Bady joined AQIM between 2006 and 2010. Le Figaro states Bady could've also been part of AQIM as early as 2001 or 2002, after being recruited by Mokhtar Belmokhtar. When he first joined AQIM, he fought in Katiba Abou Zeid. He participated in several kidnappings of hostages, including the kidnapping of two Canadian diplomats in Niger in 2008 under the command of Belmokhtar. Bady also kidnapped two Swiss nationals and three Spaniards in 2009, and two Algerian diplomats in 2012 in Gao. Yoro Ould Daha, a former official of MOJWA who defected to the Arab Movement of Azawad (MAA), stated Bady was personally involved in the kidnapping of Gilberto Rodrigues Leal in 2012 in Gao.

Ould Bady founded the Movement for Oneness and Jihad in West Africa (MOJWA) in 2011 with Hamada Ould Mohamed Kheirou and Ahmed al-Tilemsi. He took part in the Mali War when it broke out in 2012, founding Katiba Salahaddin, one of the four katibas in MOJWA. Katiba Salahaddin was led by Bady and Adnan Abu Walid al-Sahrawi, and many fighters came from Gao or Kidal region.
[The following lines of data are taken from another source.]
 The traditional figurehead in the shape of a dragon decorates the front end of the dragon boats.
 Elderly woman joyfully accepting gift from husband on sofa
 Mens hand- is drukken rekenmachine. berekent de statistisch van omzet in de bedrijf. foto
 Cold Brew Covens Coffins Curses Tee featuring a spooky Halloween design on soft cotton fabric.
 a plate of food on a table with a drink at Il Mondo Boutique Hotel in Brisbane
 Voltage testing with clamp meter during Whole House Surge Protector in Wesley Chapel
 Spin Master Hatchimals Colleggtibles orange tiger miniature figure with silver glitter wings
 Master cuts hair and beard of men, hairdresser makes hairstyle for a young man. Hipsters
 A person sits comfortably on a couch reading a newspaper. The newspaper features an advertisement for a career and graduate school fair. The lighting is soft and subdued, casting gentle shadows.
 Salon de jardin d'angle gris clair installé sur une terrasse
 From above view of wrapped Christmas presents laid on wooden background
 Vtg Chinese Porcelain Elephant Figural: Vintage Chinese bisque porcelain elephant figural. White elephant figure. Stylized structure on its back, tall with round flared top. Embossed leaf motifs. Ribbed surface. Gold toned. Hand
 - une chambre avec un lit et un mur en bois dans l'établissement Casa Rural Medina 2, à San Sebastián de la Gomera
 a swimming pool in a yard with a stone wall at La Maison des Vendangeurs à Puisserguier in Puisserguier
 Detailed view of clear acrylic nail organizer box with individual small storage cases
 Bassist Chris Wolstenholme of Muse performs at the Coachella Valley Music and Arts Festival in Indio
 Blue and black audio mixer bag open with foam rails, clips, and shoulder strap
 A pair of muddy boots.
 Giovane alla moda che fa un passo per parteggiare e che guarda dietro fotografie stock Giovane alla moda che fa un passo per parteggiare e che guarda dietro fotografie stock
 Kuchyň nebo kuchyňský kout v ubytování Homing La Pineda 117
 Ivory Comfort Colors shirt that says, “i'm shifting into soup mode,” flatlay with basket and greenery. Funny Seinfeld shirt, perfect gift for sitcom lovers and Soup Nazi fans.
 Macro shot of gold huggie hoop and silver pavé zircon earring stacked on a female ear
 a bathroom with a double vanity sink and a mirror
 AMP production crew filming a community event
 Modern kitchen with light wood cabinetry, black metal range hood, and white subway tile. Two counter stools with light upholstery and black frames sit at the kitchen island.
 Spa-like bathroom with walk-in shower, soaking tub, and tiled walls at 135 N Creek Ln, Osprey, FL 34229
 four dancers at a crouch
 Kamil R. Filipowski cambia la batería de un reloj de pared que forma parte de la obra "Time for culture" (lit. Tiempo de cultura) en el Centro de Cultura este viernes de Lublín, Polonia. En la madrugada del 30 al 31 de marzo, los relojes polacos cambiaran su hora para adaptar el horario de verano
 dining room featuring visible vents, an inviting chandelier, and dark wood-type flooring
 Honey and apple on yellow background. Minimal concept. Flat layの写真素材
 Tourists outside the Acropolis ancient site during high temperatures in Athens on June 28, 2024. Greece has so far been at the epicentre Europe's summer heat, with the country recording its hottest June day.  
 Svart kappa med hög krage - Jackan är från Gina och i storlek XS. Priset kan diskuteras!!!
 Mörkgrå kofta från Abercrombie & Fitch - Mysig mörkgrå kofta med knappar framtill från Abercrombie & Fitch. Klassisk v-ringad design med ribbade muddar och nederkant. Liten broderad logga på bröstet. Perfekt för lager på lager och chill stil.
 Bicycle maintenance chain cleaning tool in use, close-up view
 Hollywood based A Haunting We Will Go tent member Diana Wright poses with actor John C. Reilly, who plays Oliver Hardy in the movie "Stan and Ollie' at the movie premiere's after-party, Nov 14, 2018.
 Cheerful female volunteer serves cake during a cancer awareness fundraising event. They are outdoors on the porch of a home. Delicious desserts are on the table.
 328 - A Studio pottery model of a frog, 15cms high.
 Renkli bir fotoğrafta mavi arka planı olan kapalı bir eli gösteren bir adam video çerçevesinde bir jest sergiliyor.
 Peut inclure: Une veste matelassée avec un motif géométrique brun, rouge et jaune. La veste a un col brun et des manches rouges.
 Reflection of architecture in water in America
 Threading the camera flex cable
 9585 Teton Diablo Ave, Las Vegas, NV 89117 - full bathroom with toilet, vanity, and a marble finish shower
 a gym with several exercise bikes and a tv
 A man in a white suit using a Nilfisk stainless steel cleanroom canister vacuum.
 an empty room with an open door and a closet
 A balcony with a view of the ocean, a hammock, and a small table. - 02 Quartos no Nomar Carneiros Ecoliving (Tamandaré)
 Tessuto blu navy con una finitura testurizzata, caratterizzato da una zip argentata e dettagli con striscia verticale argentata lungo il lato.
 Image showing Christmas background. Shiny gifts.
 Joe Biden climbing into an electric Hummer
On January 2, 2013, Bady defected from MOJWA and left to join Ansar Dine with his katiba. While the reasons for the defection are unknown, Mohamed Ould Ramadane, a spokesperson for the MAA, stated that Katiba Salahaddin left after the UN designated MOJWA as a terrorist group, and that they wanted to avoid international condemnation. On October 23, 2013, Bady claimed responsibility for the 2013 Tessalit attack. He then claimed responsibility for the December 14, 2013, 2013 Kidal attack that killed two Senegalese peacekeepers, and then the firing of nine rockets towards the MINUSMA camp in Aguelhok in August 2014.

Bady formed his own group in late 2013, but joined al-Mourabitoun shortly afterwards and later rejoined AQIM. Bady claimed responsibility for an attack on a MINUSMA convoy in October 2014 that led to the deaths of nine Nigerien peacekeepers. Around this time, Bady was in active armed conflict with his former comrades from MOJWA. He then fled to Sirte in Libya briefly during French intervention in Mali.

Bady joined the Islamic State in the Greater Sahara in 2017 or early 2018. He then participated with his Katiba in attacks against GATIA and MSA fighters in Ménaka. He lost his two training camps in the region in 2018, and was faced with heavy pressure by French and Tuareg forces. He fled to Niger, and found himself in Algeria.

On August 11, 2018, he surrendered to Algerian authorities in Tamanrasset, likely seeking benefit from Algerian amnesty laws that remained in force from the Algerian Civil War.